Records from a dataset

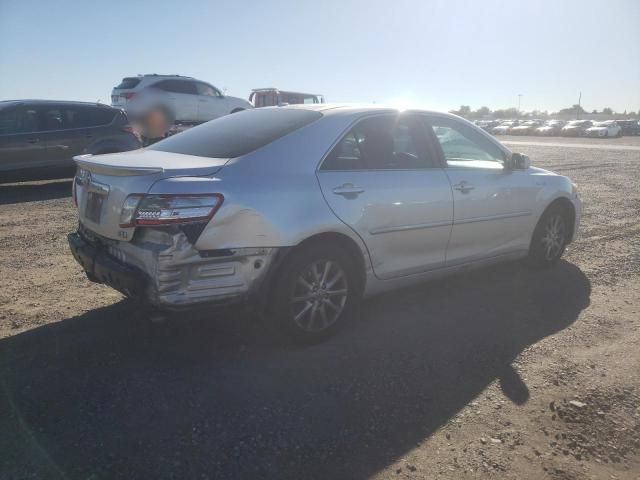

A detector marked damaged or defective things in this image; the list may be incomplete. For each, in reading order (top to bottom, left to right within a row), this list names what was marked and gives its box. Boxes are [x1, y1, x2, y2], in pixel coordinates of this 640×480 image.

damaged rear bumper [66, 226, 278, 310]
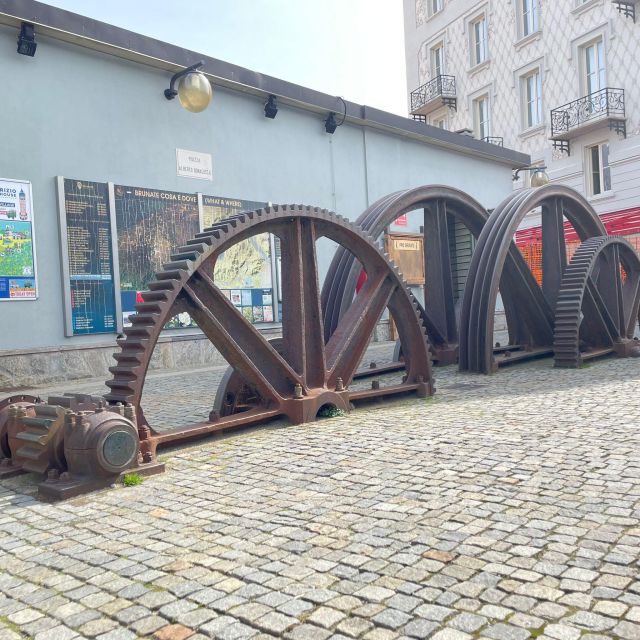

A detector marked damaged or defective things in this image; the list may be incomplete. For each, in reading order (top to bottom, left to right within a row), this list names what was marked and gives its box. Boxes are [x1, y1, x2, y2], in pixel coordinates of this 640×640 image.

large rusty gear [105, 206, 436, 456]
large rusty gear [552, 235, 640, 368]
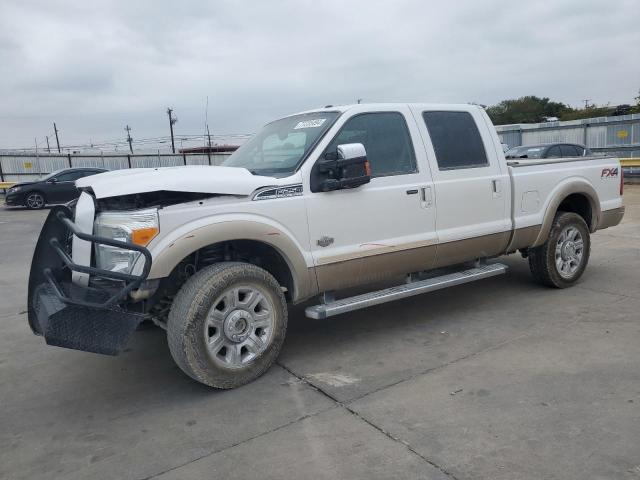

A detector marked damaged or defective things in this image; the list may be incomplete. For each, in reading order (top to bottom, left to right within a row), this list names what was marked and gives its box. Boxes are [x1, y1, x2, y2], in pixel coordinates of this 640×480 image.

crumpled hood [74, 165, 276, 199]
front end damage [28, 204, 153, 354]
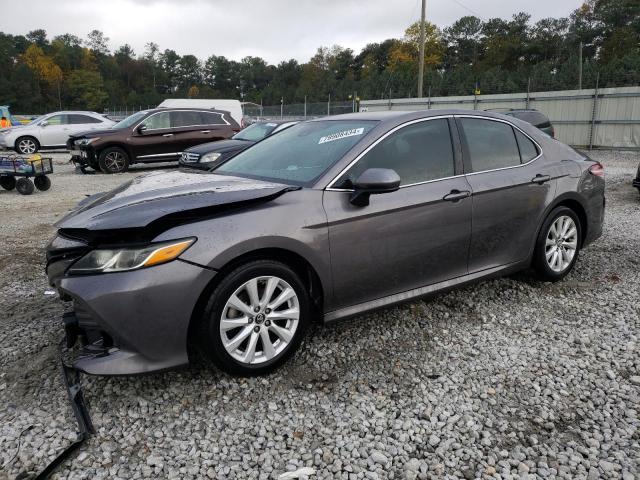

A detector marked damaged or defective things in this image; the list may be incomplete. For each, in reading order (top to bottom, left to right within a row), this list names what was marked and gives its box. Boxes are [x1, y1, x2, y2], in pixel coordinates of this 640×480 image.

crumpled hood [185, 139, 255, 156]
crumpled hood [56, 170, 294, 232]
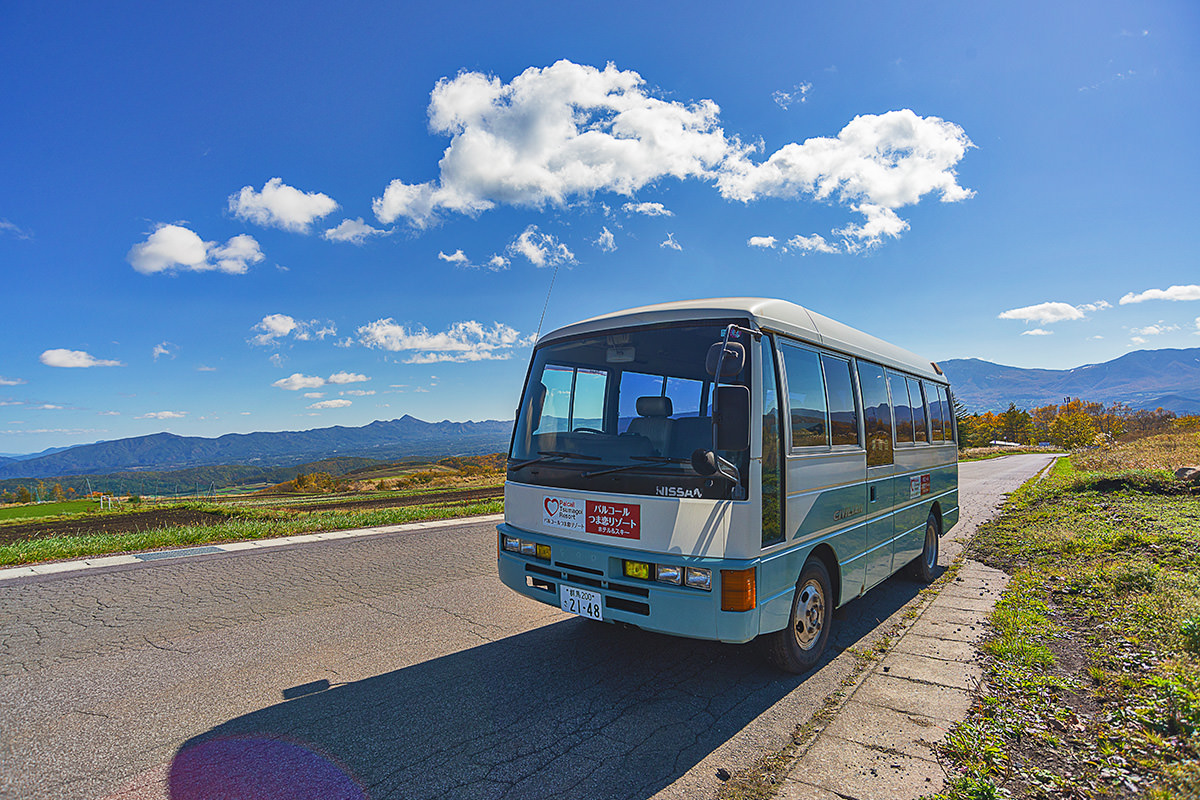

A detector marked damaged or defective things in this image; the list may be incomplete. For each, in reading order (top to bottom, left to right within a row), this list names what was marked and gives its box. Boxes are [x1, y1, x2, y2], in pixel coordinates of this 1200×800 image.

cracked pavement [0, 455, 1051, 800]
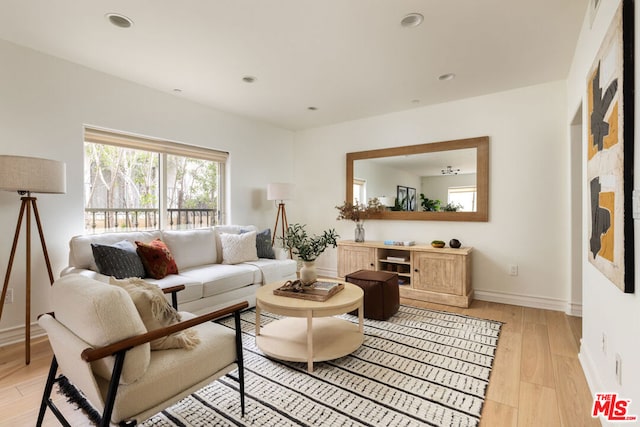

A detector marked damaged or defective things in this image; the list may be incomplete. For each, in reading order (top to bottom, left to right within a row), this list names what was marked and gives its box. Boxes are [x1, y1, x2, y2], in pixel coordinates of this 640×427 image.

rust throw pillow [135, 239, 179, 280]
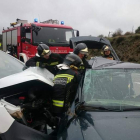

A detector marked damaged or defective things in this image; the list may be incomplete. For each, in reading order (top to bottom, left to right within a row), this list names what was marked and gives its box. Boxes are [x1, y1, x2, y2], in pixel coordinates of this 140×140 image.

* What needs to be done
Transcribe exactly the lines running from the line with "this 640×427 image." to the last line of the entries. Pictures stay out of the copy.

* Finished task
A detector marked damaged or defective things in this image; the list may be incomplete. For each, in reading order (top to bottom, left to right within a row), this list names what was marked and gives its box. Boxes are [x1, y1, x2, y2], in pixel coordinates of this 640×427 image.

rust throw pillow [135, 239, 179, 280]

A detector marked damaged or defective things in this image; the list may be incomplete. For each, in reading order (top to bottom, left to right within a row), this list names what was marked and gives its box. Boxes are [x1, y1, x2, y2], in pixel coordinates of this 140×140 image.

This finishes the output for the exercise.